*WHAT YOU ARE ASKED TO DO:*
Set down only the lines from the one containing "b0162388_21324314.jpg" through the final line of the entries below, exactly as they stand, with no pictures.
Segment Open
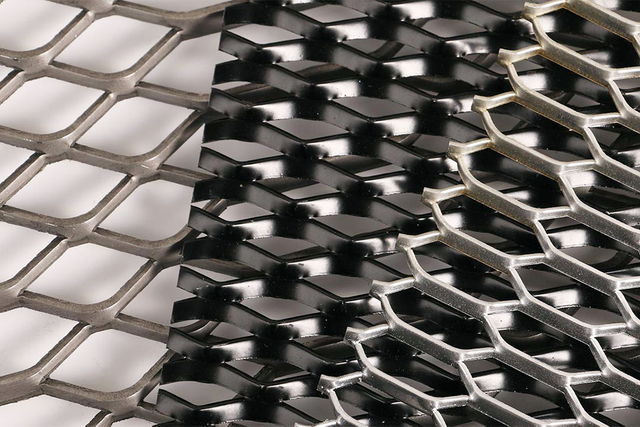 expanded-steel-mesh-2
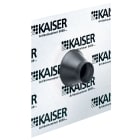 KAISER GMBH & CO. KG - KAI9059-51 Manicoto ermetico Ø 42-55 mm
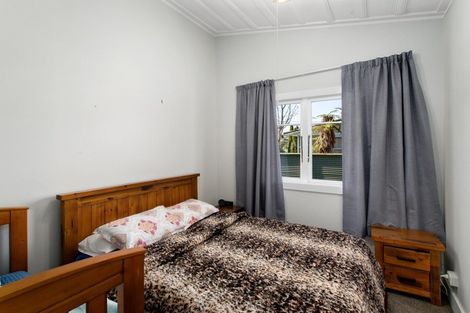 Photo of property in 73 Consols Street, Waihi, 3610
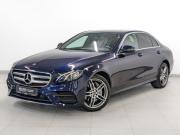 Mercedes-Benz E-Класс V (W213 S213 C238) Санкт-Петербург  - изображение 31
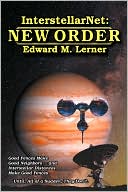 InterstellarNet: New Order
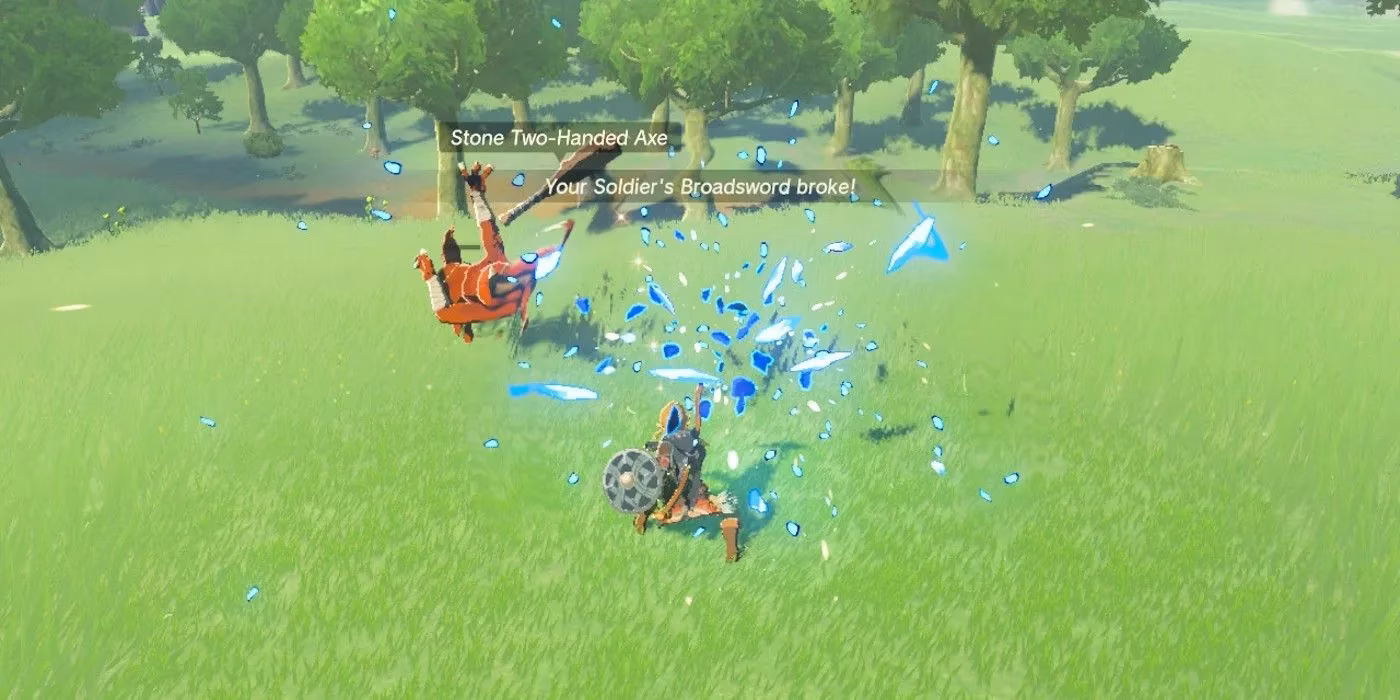 tears-of-the-kingdom-fans-still-push-limits-with-wild-challenge-runs-in-2026-image-8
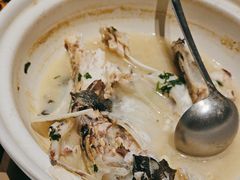 -丹江渔村(望京店)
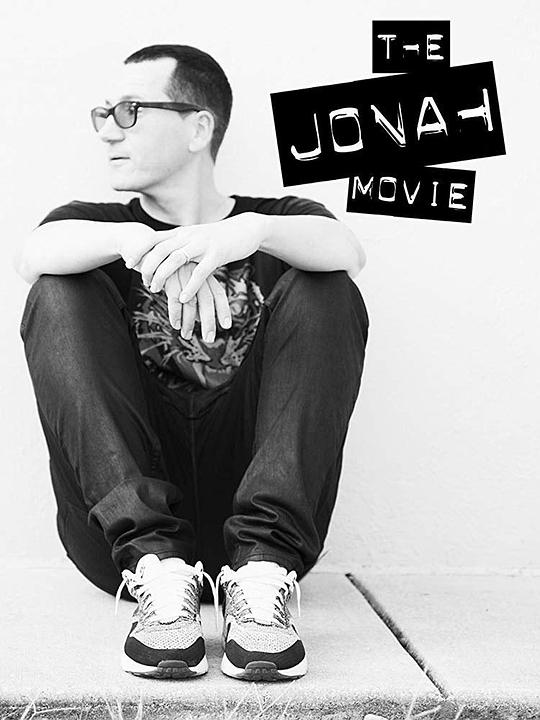 The Jonah Movie  (2018)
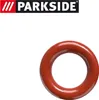 O Ring Dichtung Parkside Hochdruckreiniger PHD 150 D3 C2 B2 Produktbild-Vorschau 6
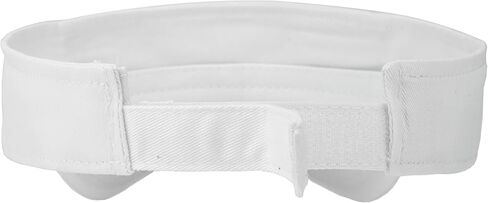 Sport Sun Visor for Women Men Golf Tennis Softball, Adjustable Empty Top Hats in Saudi Arabia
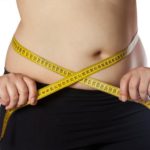 Lose Belly Fat Now, Apple-Shaped Bodies More Prone To Diabetes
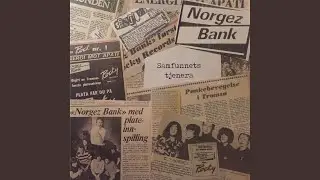 Samfunnets Tjenera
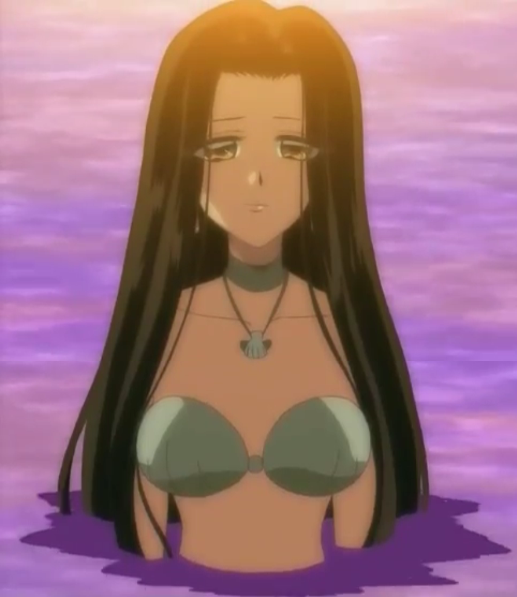Get Wallpaper Sara Mermaid Melody Heroes Wiki Fandom For iPhone Free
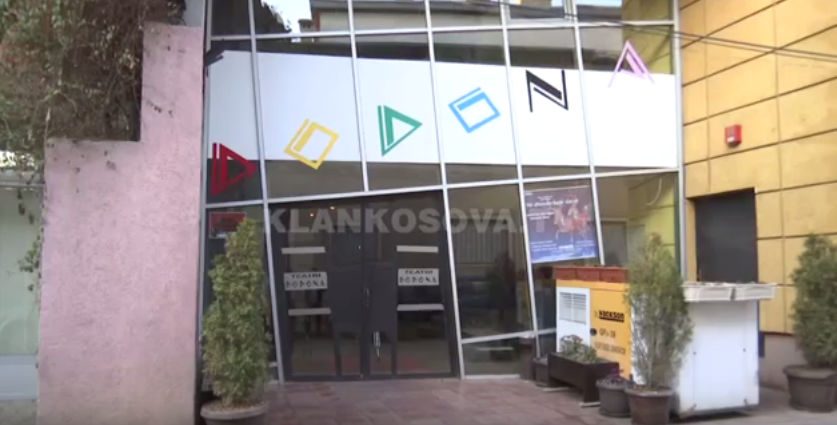 Dodonës asnjë cent në 2016 (VIDEO)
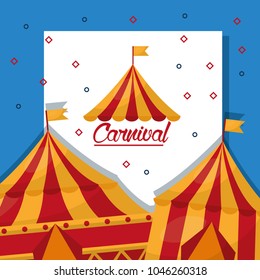 carnival fair festival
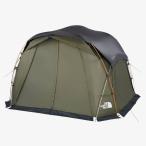 THE NORTH FACE RPT/EVABASE 6 K NN32406 The North Face 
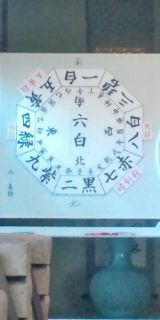 b0162388_21324314.jpg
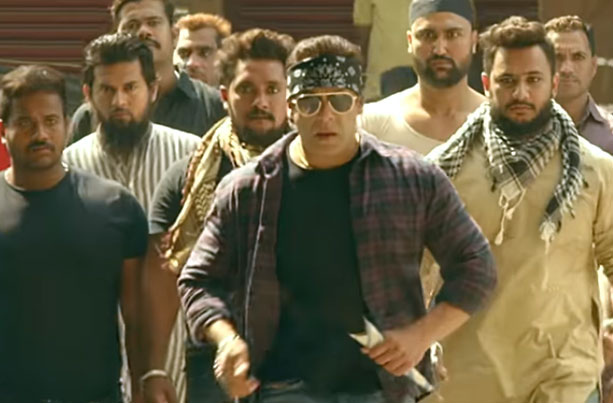 /media/k2/galleries/75781/Radhe-Movie-Stills-01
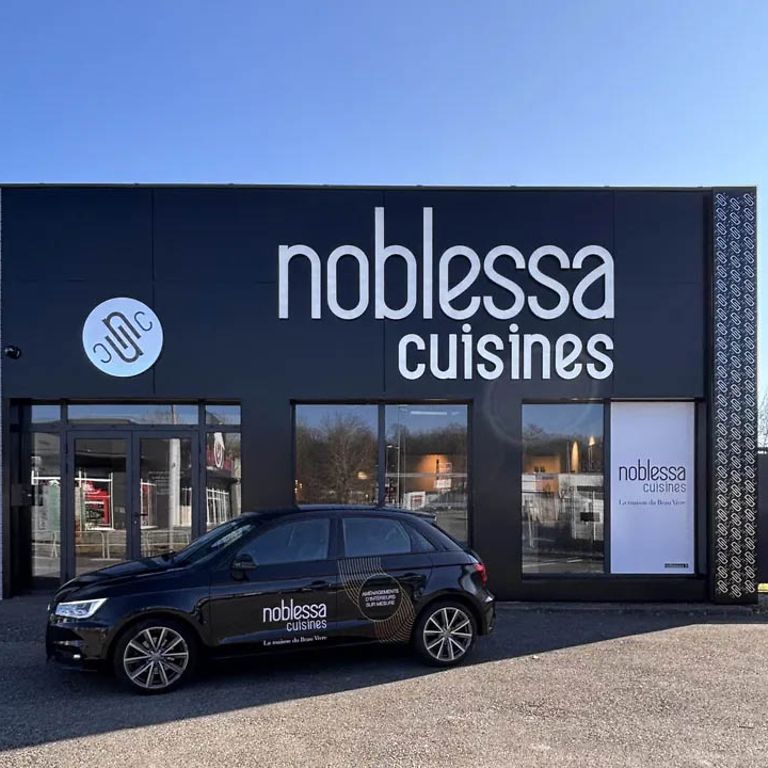 noblessa Belfort 730Wx410H-facade-noblessa-belfort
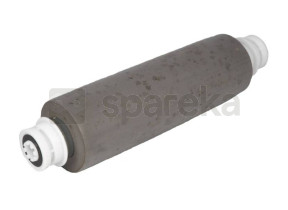 Ensemble rouleau + mousse RCX26012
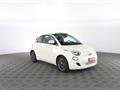 FIAT 500C 500 Passion Cabrio 42 kWh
Segment Closed
*RESULT OF THIS EXERCISE:*
 b0162388_21324314.jpg
 /media/k2/galleries/75781/Radhe-Movie-Stills-01
 noblessa Belfort 730Wx410H-facade-noblessa-belfort
 Ensemble rouleau + mousse RCX26012
 FIAT 500C 500 Passion Cabrio 42 kWh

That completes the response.